DATA FOR ANALYSIS
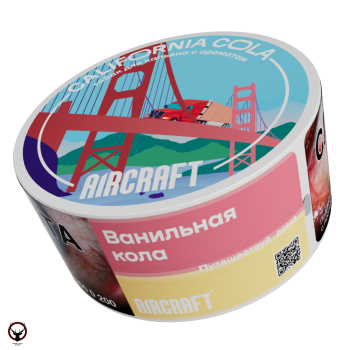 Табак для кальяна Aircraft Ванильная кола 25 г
---
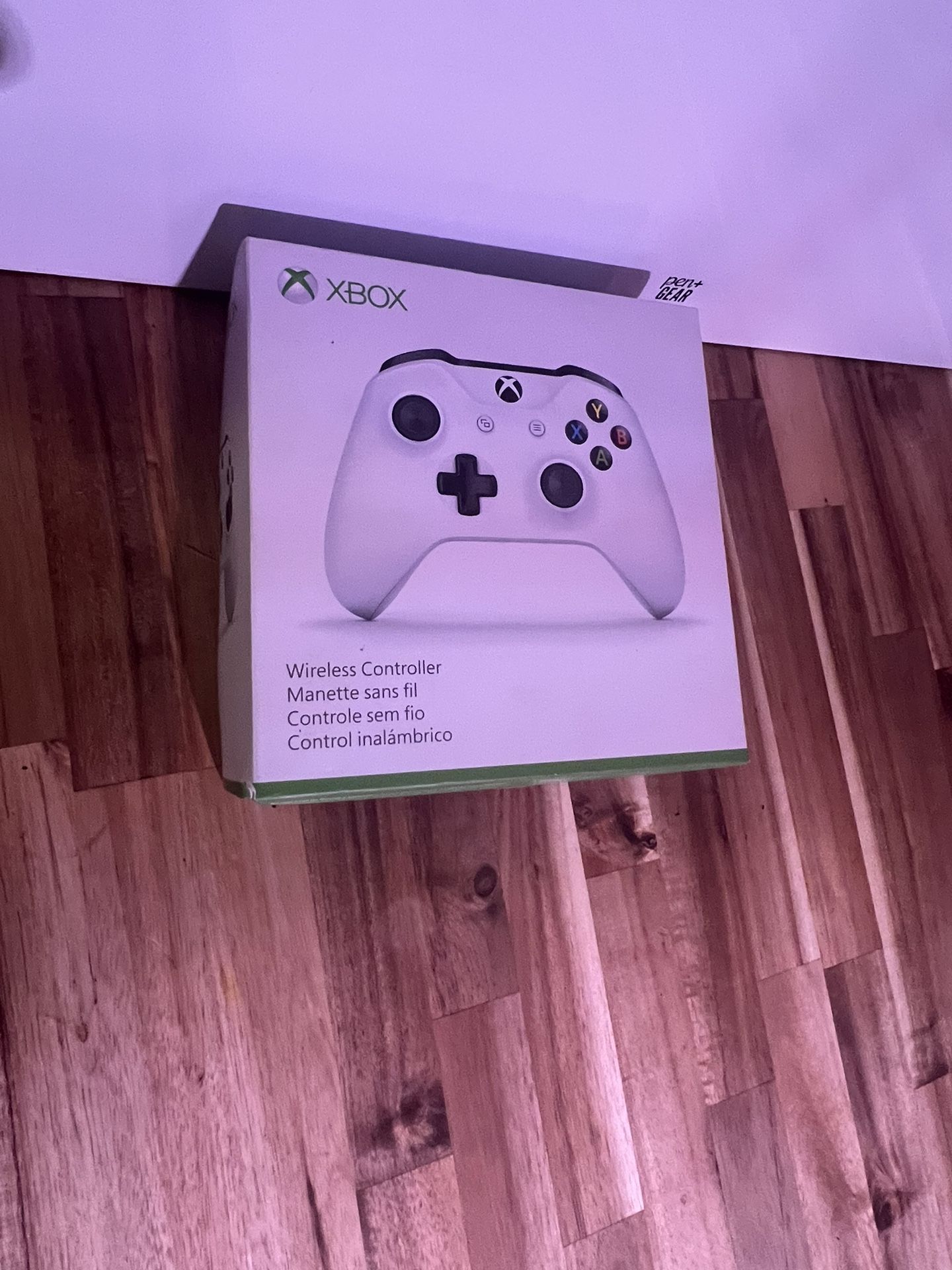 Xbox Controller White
* * *
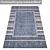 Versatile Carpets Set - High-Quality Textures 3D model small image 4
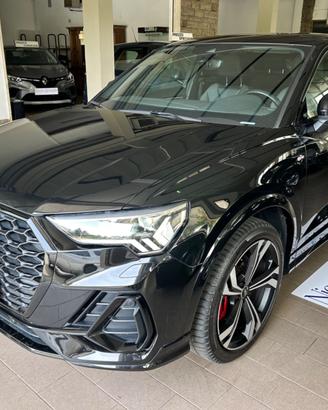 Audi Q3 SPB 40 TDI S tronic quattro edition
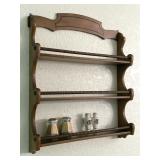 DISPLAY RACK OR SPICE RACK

TASK BRIEF
An exact copy of the lines above from the one with "Versatile Carpets Set" up to and including the one with "DISPLAY RACK OR SPICE RACK" is required; reproduce only those lines, omitting all pictures.

RESULT OF THIS EXERCISE
 Versatile Carpets Set - High-Quality Textures 3D model small image 4
 Audi Q3 SPB 40 TDI S tronic quattro edition
 DISPLAY RACK OR SPICE RACK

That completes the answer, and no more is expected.